Bummer Banjo. But these things do happen.

If your DC voltage drops below about 10v, then appliaces like the fridge, furnace, AC, etc.. that need 12v to operate their circuit boards won't operate.

If your converter is actually bad then you could save some cash by installing a new one yourself if you're not scared off by all the wires. It's a simple copy and swap deal though if you buy the identical replacement.

A brand new converter can be had for $197 at bestconverter.com

Maybe given this info you could re-negotiate the installation cost and get it closer to $300-350 for the whole job & parts. This should not take a qualified Tech more than 1 hour, 2 if he's really slow.

Good luck


----------



## CamperAndy (Aug 26, 2004)

Run as fast as you can from that RV stealer. He is looking to pay for his kids college using you to make a couple of his payments.

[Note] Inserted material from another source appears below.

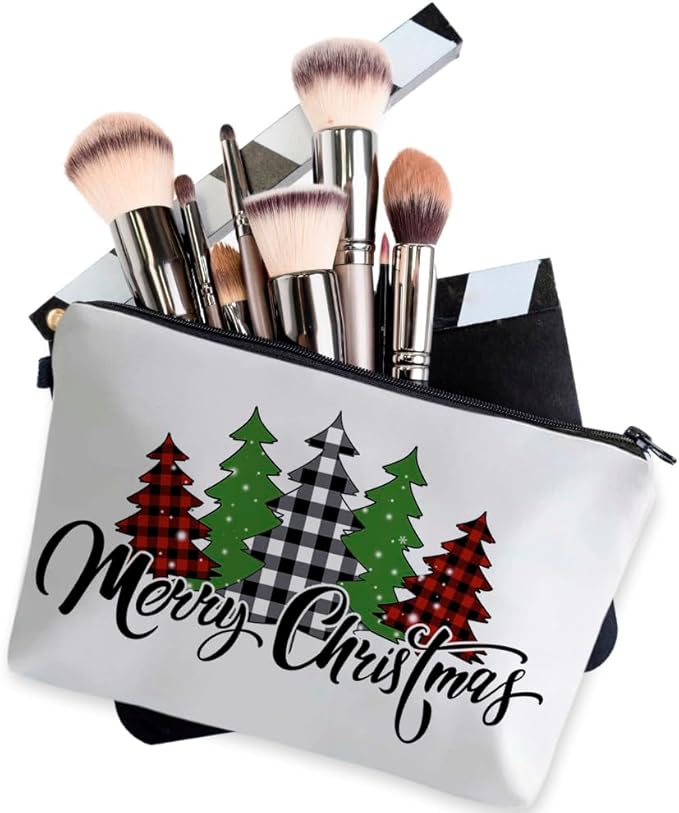 Small Makeup Bag Cosmetic Bag for Women, Pretty Design Organizer Case with Zipper Closure, Lightweight and Water-Resistant Make Up Bag - 8.65"x 5.35" x 7.08"（Merry Christmas）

As Jim said go to Best Converters for a replacement and do it your self. Takes 30 minutes at most and that is taking a beer break to read the instructions.


----------



## Bill H (Nov 25, 2006)

Couldn't he just swap out the Power supply? does anyone stock just the supply? It's better to change just 4 wires that all of them..... Or he could just retrofit a better supply like many others have....

http://www.progressivedyn.com/power_converters.html


----------



## California Jim (Dec 11, 2003)

Bill H said:


> Couldn't he just swap out the Power supply?


Yes. Best Converters.com can supply this too. It's a little more fabrication involved in making the Progressive Dynamics swap though.


----------



## CamperAndy (Aug 26, 2004)

There is nothing wrong with the WFCO. Current designs that are available are more then good enough for the RV service they are used in. The prices you can pay for some of the other supposed "top line" converters will never make back the investment. They are not that much faster or better at charging your batteries.


----------



## Bill H (Nov 25, 2006)

California Jim said:


> Couldn't he just swap out the Power supply?


Yes. Best Converters.com can supply this too. It's a little more fabrication involved in making the Progressive Dynamics swap though.
[/quote]

CJ's the MAN!!

Here ya go......

http://www.bestconverter.com/8955-Main-Boa..._p_116-117.html

5 wires and your done. Just remove the old one and replace with the new one. Are you sure the converter is dead? are all your outlets working. The converter is usually tied in with one of the outlet circuits.


----------



## Banjo (Aug 1, 2005)

Bill H said:


> Couldn't he just swap out the Power supply?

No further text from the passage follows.